- What is expected
From the material below, set down exactly the lines that run from the one containing "Photo 10 from" to the one containing "Bell & Ross BR", minus the pictures.

Data for this exercise below:

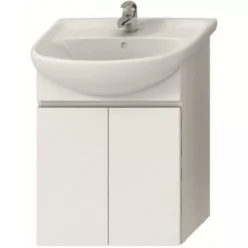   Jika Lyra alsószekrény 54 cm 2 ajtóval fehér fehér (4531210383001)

End of Data for this exercise.
Data for this exercise below:

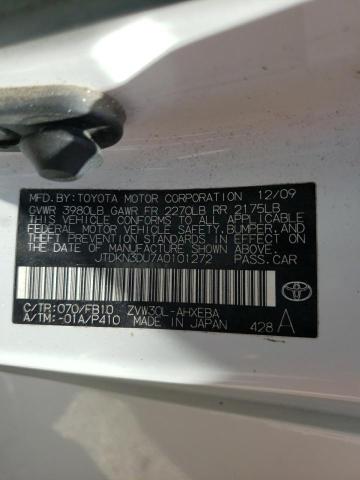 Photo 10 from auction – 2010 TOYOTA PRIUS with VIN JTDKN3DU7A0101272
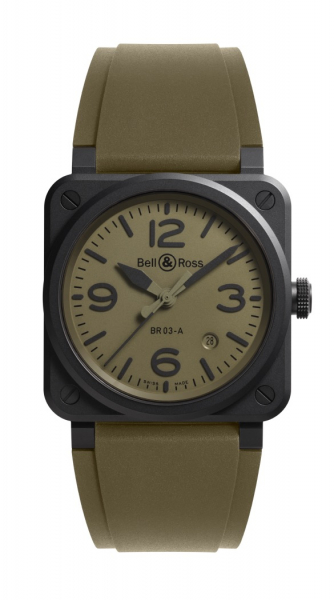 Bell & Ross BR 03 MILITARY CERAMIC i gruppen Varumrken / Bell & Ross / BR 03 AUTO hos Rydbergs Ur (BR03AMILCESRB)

End of Data for this exercise.

- Completed exercise
 Photo 10 from auction – 2010 TOYOTA PRIUS with VIN JTDKN3DU7A0101272
 Bell & Ross BR 03 MILITARY CERAMIC i gruppen Varumrken / Bell & Ross / BR 03 AUTO hos Rydbergs Ur (BR03AMILCESRB)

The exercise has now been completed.